▶ Your objective
Could you reproduce the lines below from the one with "Large outdoor 304" through the one with "a white yacht"? Keep both ends and add nothing.

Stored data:
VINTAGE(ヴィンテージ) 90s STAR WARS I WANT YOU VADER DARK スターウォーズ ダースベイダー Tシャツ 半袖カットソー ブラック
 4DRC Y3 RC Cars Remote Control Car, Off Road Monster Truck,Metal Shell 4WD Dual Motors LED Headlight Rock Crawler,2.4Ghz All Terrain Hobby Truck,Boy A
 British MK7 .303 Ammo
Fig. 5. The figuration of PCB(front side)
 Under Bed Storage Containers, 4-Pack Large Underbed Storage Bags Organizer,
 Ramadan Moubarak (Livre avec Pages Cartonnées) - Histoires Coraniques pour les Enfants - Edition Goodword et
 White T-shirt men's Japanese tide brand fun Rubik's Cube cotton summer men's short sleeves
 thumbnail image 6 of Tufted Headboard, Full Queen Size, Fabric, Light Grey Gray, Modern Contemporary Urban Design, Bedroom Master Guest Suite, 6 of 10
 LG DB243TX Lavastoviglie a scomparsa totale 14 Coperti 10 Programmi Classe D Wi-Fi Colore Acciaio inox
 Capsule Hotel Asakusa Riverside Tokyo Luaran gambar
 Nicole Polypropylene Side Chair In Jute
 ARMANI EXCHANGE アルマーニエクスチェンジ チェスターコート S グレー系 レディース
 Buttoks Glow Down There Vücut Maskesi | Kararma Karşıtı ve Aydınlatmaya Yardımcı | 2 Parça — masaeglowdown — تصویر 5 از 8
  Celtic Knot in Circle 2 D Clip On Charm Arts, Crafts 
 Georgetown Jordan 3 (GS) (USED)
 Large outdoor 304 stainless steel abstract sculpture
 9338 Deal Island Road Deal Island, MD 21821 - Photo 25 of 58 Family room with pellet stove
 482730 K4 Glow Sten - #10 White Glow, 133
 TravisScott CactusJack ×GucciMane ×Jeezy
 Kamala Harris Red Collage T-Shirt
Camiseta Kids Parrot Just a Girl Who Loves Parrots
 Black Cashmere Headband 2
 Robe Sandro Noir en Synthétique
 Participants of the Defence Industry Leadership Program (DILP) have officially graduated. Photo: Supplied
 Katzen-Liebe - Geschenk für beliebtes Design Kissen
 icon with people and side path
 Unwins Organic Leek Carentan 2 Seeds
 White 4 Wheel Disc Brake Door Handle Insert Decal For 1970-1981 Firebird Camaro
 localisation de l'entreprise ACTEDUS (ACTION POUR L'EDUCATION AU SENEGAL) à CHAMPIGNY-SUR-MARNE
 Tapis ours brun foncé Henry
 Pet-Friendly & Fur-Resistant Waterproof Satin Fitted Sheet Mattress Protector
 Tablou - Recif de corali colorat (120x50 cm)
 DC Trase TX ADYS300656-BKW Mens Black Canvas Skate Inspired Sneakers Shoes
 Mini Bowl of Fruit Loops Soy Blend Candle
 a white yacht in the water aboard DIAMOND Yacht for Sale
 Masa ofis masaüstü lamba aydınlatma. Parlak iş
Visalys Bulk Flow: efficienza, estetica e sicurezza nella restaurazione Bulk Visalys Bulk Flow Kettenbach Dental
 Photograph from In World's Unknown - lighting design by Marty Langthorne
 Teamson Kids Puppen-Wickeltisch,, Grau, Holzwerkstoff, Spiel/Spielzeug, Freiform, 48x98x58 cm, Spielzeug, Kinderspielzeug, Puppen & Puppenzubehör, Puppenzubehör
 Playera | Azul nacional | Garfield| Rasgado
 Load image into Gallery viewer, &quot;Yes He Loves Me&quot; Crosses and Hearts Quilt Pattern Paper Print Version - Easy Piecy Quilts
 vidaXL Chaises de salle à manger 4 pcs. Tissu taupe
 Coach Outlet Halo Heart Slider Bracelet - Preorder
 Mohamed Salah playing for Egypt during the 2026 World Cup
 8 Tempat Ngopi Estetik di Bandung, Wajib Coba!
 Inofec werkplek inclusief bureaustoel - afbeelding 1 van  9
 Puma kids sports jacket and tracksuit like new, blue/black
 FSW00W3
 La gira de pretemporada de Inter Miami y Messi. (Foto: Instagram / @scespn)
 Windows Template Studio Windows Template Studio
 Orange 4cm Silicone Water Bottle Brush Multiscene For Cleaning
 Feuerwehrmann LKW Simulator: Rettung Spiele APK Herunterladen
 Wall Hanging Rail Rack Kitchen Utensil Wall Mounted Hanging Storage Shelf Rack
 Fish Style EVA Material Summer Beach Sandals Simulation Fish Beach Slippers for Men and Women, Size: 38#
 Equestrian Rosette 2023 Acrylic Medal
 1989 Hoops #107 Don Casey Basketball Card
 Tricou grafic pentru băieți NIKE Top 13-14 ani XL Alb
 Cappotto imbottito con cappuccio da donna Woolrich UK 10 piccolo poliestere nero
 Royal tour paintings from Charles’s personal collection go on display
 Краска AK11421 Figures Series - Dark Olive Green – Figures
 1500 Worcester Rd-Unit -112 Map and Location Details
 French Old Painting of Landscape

▶ Reply to the task
 Large outdoor 304 stainless steel abstract sculpture
 9338 Deal Island Road Deal Island, MD 21821 - Photo 25 of 58 Family room with pellet stove
 482730 K4 Glow Sten - #10 White Glow, 133
 TravisScott CactusJack ×GucciMane ×Jeezy
 Kamala Harris Red Collage T-Shirt
Camiseta Kids Parrot Just a Girl Who Loves Parrots
 Black Cashmere Headband 2
 Robe Sandro Noir en Synthétique
 Participants of the Defence Industry Leadership Program (DILP) have officially graduated. Photo: Supplied
 Katzen-Liebe - Geschenk für beliebtes Design Kissen
 icon with people and side path
 Unwins Organic Leek Carentan 2 Seeds
 White 4 Wheel Disc Brake Door Handle Insert Decal For 1970-1981 Firebird Camaro
 localisation de l'entreprise ACTEDUS (ACTION POUR L'EDUCATION AU SENEGAL) à CHAMPIGNY-SUR-MARNE
 Tapis ours brun foncé Henry
 Pet-Friendly & Fur-Resistant Waterproof Satin Fitted Sheet Mattress Protector
 Tablou - Recif de corali colorat (120x50 cm)
 DC Trase TX ADYS300656-BKW Mens Black Canvas Skate Inspired Sneakers Shoes
 Mini Bowl of Fruit Loops Soy Blend Candle
 a white yacht in the water aboard DIAMOND Yacht for Sale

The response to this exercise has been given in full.